Sadam Husein convierte su marcha atrás en una victoria sobre Estados Unidos

"Hemos segado la yerba bajo los pies de Estados Unidos". Este es el grito de júbilo lanzado por la prensa oficial iraquí, que trata de presentar la marcha atrás incondicional del presidente Sadam Husein como una victoria política sobre Washington, su mortal enemigo. La euforia oficial parece no afectar a la población iraquí, que ha acogido con notoria indiferencia el fin aparente del contencioso, demostrando así que lo único que le importa es superar las dificultades cotidianas, surgidas a raíz de un embargo decretado contra su país hace ya más de ocho años.

"Permaneceremos comprometidos en nuestro derecho de lograr el levantamiento de las sanciones", aseguraba ayer en otro párrafo de su editorial el periódico gubernamental As Saoura, quien como es usual en este tipo de incidentes trataba de presentar el repliegue del régimen como un triunfo sobre la Casa Blanca.El fin del enfrentamiento fue acogido ayer con indiferencia por un sector importante de la población, preocupada y angustiada por la falta de alimentos y productos de primera necesidad. Estas carencias se han venido haciendo más graves en los últimos días como consecuencia del cierre de las fronteras, decretado sólo para la entrada de mercancías, tras la decisión de los 53 inspectores de la empresa privada Register Lloyds de abandonar precipitamente las funciones de supervisión de importaciones que venían haciendo en los pasos fronterizos del país.

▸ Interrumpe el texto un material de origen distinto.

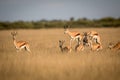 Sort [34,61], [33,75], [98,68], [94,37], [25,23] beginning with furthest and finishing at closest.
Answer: [25,23]
[94,37]
[34,61]
[98,68]
[33,75]

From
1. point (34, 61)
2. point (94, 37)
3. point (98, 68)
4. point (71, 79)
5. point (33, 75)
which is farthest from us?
point (94, 37)

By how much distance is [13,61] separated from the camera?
11703mm

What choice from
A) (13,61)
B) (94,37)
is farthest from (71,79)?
(94,37)

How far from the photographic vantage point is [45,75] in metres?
9.09

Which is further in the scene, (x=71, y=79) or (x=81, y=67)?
(x=81, y=67)

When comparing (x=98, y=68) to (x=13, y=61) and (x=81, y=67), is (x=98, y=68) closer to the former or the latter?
(x=81, y=67)

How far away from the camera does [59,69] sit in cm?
995

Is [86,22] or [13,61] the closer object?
[13,61]

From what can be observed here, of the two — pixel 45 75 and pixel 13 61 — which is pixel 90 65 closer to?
pixel 45 75

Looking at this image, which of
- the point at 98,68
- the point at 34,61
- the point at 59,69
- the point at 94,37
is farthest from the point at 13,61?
the point at 94,37

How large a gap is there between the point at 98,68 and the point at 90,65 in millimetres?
578

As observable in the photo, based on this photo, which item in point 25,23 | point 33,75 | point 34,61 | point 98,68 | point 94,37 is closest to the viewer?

"Estamos preocupados por la ausencia de los controladores. Estamos en negociaciones con la Register Lloyds para arreglar el tema y que vuelvan a Irak", aseguraba ayer desde Bagdad el portavoz de la ONU, Eric Falt, defensor a ultranza del programa de "petróleo a cambio de alimentos" que está permitiendo que se palie parcialmente la escasez. Falt es uno de los pocos funcionarios de la ONU que se quedó en Bagdad pese a la salida generalizada de funcionarios cuando el ataque aéreo de EEUU parecía inminente. Su máxima preocupación es que se reanude ahora la distribución normal de los alimentos, se repongan los almacenes y vuelva todo a su "habitual anormalidad".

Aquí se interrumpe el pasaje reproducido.